Soory about the bad pic but my buddy roger decided to roll the fish in the sand first LOL

Scioto river and was caught on cut shad 25-lbs


----------



## monsterKAT11 (Jun 20, 2004)

it was nice getting out with you jack


----------



## Salmonid (Apr 14, 2004)

Way to go Jack, thats a nice fish! Me and Pendogg were out for a little while last night with not much action, I think the dropping barometer and cool wind didnt help.
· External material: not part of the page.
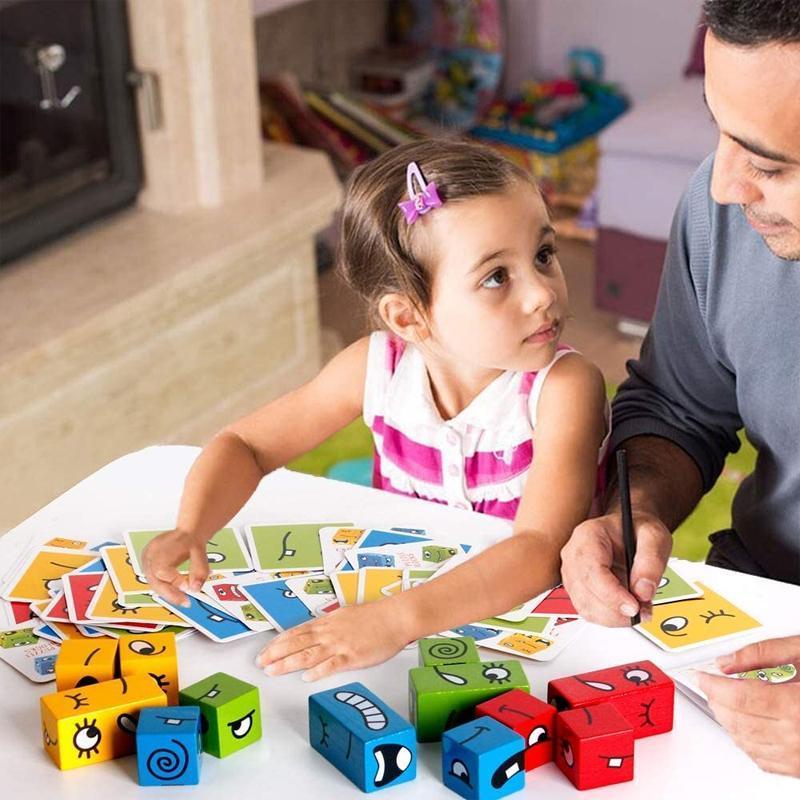 BlockiMix Holzpuzzle – Bunte Lernspielsteine für Kleinkinder und Vorschulkinder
So Jack, where ya been??

Salmonid


----------



## firecat (Apr 7, 2004)

Nice fish Jack


----------



## ducky152000 (Jul 20, 2005)

nice fish, congrats


----------



## katfish (Apr 7, 2004)

Nice flathead Jack.
You beat me to them every year.

I think you better get rid of that tapeworm before you blow away.
Every picture of you looks like you lost more and more weight.


----------



## jtyler (Mar 10, 2010)

how you fishing in the scioto?? you fish on the bottom or you trolling?? Thanks


----------



## ohio catfish (May 2, 2010)

good one.way to go


----------



## Fisherman 3234 (Sep 8, 2008)

Congratulations Flathunter, way to go!


----------



## shadpocket (Jan 18, 2010)

Nice fish to start the year off with,,,,,what did ya catch'em on ?


----------



## catmanbennie (Jan 15, 2010)

Lol.....Nice looking shovel flathunter..!!


----------



## tcba1987 (Jun 22, 2004)

Nice Fish Jack !!! 

I havent caught MY FIRST of the year yet............but a buddy of mine from the TCBA landed a fat 26-1 the other night !!!


----------